— EXERCISE AIM —
Reproduce word for word, from the entries below, the line with "Oliver Inn Bed And Breakfast", the line with "Encimera de Microcemento", and every line between them, and nothing more.

— INFORMATION SUPPLIED —
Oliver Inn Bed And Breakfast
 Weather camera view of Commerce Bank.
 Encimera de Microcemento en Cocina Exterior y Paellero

--

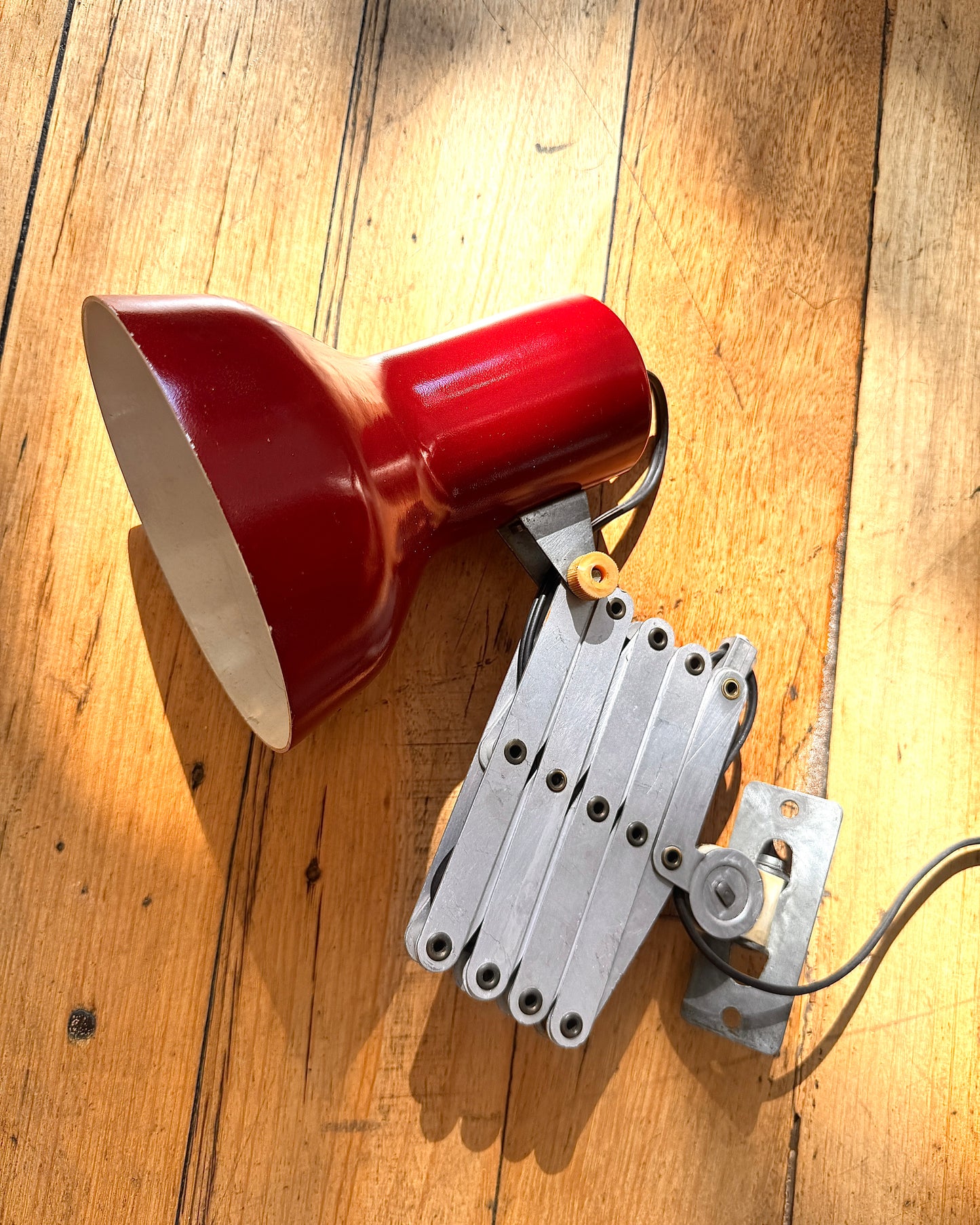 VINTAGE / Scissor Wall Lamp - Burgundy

— EXERCISE RESULT —
Oliver Inn Bed And Breakfast
 Weather camera view of Commerce Bank.
 Encimera de Microcemento en Cocina Exterior y Paellero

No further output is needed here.